« May 2005 | Main | September 2005 »
July 11, 2005
Kill Kill Kill
Finally installed Outlook on here, and after over five months of using Webmail, I've downloaded the 2008 emails that have accumulated over these months. Except for the ones Lycos nabbed a while back, about 600 emails or so. Haven't been able to check Lycos in months, as I haven't wanted my emails ending up stuck on there. Have been stuck with this Webmail etc. situation for so long as I stupidly believed some prat when he said he'd give me a laptop months ago.
And guess what? Because I've been waiting so bloody long, not only has Lycos deleted all of my home emails - but also everything else from four years of having had that account.
If I wasn't so tired, and there weren't so many clothes hanging on the punching bag, I'd punch the crap out of it. And wait to be able to do the same to the person in question...
Posted by chantal at 10:20 PM | TrackBack
July 08, 2005
PS
Having very few functional braincells left after today, I forgot to add a particular thought.
I'm aware that most of my friends have lost track of which country I live in at any given time - London for the last six years - much less them knowing that I'm working in King's Cross these days, but after the events of today, what stands out are the people, friends and family both who haven't been arsed to get in touch.
Lovely people.
Posted by chantal at 12:56 AM | Comments (0) | TrackBack
Bang
It started with a bang.
More accurately, it started with a phonecall from my boss. In the last few weeks, she’s evolved – not very flatteringly – into an Incredibly Important Person. She phoned at 9am to complain that Liverpool Street station was closed, and insisted that, if I couldn’t find out anything useful off the Transport For London website, I was to phone them and find out exactly what was going on and how she was going to get to work. In the absence of information from TfL, I noticed on BBC News that a ‘bang’ had been reported at Liverpool Street station. ‘Bang? What sort of bang? What caused the bang? What did the bang do? etc.’

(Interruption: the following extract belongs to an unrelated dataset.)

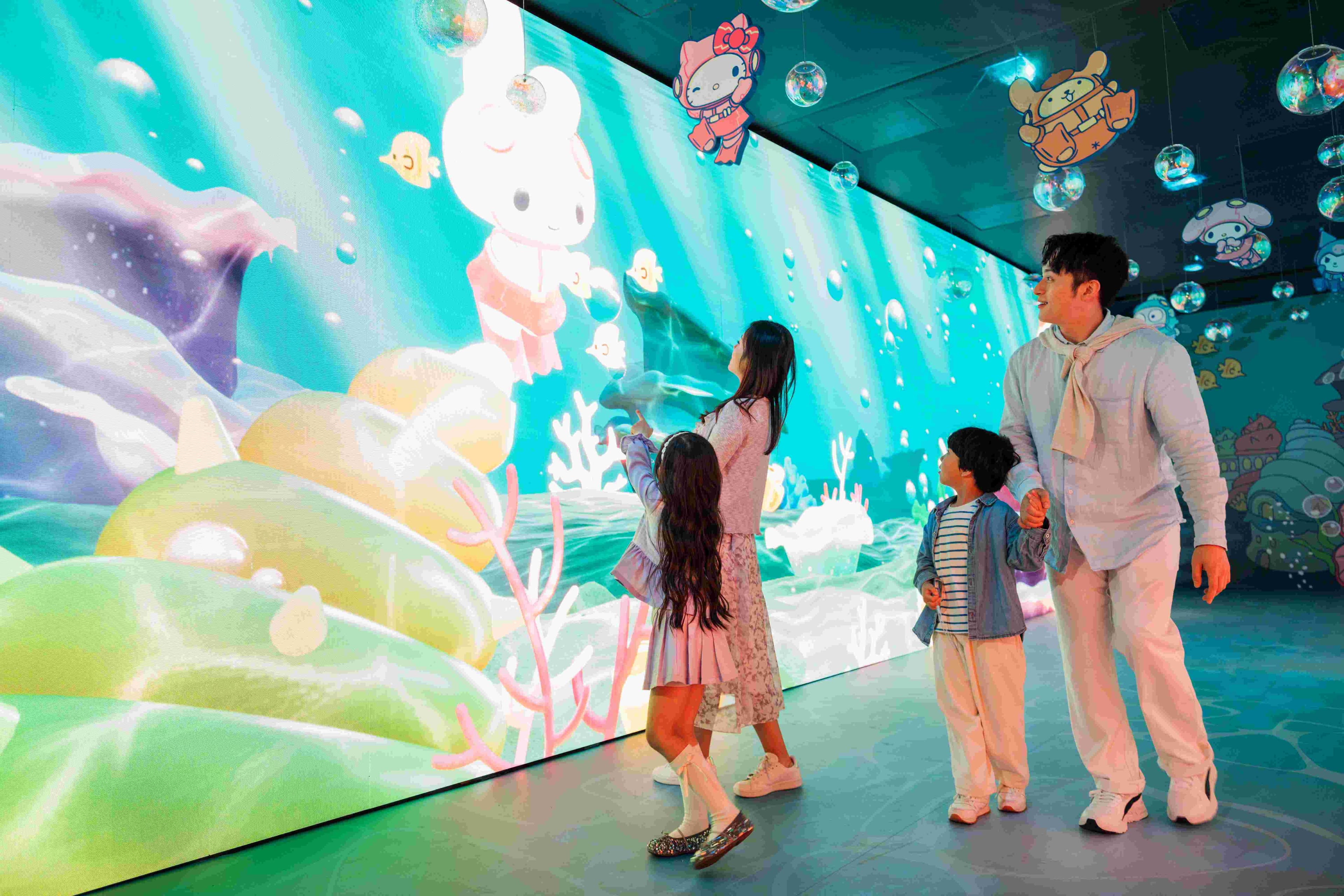 「深海夢幻探險Undersea Dream Adventure是香港海洋公園目前與 Sanrio 聯手推出的「蔚藍海洋之旅」重點項目,適合全家大小一起參與。(香港海洋公園提供)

Our simple-minded local IT guy had overheard this conversation, and told me that King’s Cross had been evacuated, that passengers had been diverted to Euston until Euston too was evacuated. Victoria was evacuated. I phoned Ruth back to let her know that this was a slightly larger issue than just Liverpool Street and adjacent bus stops; she tried to pump me for additional information, which Tariq had unfortunately failed to give me. She sulked her way back home.
From then until 10am, I was sprinting between my office and the other, down the hall, each time there was an additional piece of news about the situation. As there are only two networked PCs in the other office, our three researchers were mostly unaware of the situation. I’d check the news on one of their two useful PCs, sprint back to my office with the latest news, then surf the web till something sent me sprinting back to their office. It was in their office that I heard an explosion; when I got back to my office, the two people there were standing by the window looking puzzled.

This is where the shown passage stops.